When I was 13, I had a dream of one day acting in films and winning an Oscar. But to be successful in Hollywood, you had to deal with that man. He held the reins of Hollywood. I did not want to deal with him.

Was he the reason why you left?

No. Not really. I knew that these men existed in every profession, in modelling, in every bank. I left because I was tired of the douchebags and of auditions to play the same tall/bitchy/drug addict model type character. Tired of learning lines for an audition and sometimes not getting three quarters of the way down a page before they called the next person in. I found the whole experience extremely demoralising. Luckily, acting wasn’t my real passion. Writing was.

Is the impact of Weinstein’s actions worse for born actors?
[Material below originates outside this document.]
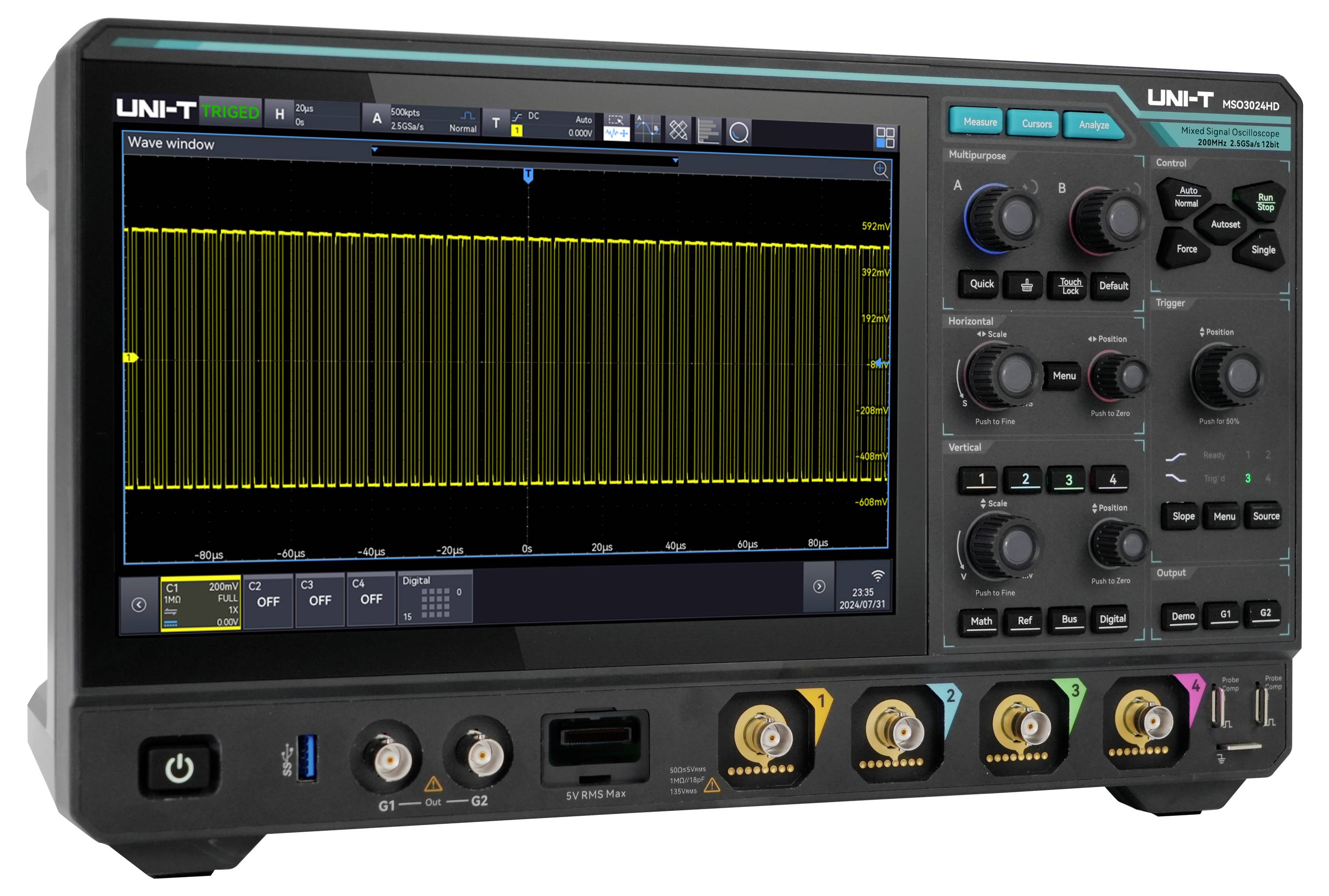 'Oscilloscopio digitale che visualizza un pattern d'onda quadra sullo schermo, con vari manopole di controllo e porte di ingresso visibili sul pannello frontale.'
People need to understand how Harvey has hurt the careers of so many women who struggled for so long to get a foot in the door to act. These women live and breathe and study their craft – not for fame or money, but because their creativity is their soul, their life. And then they finally stand in front of a famous producer who they think can help them, and instead he zips his fly open and threatens them for not giving in. Their entire life, all they have dreamed of, is dashed.

Is it easier to get away with sexual assault in Hollywood than in other professional fields because the ‘casting couch’ is almost legendary?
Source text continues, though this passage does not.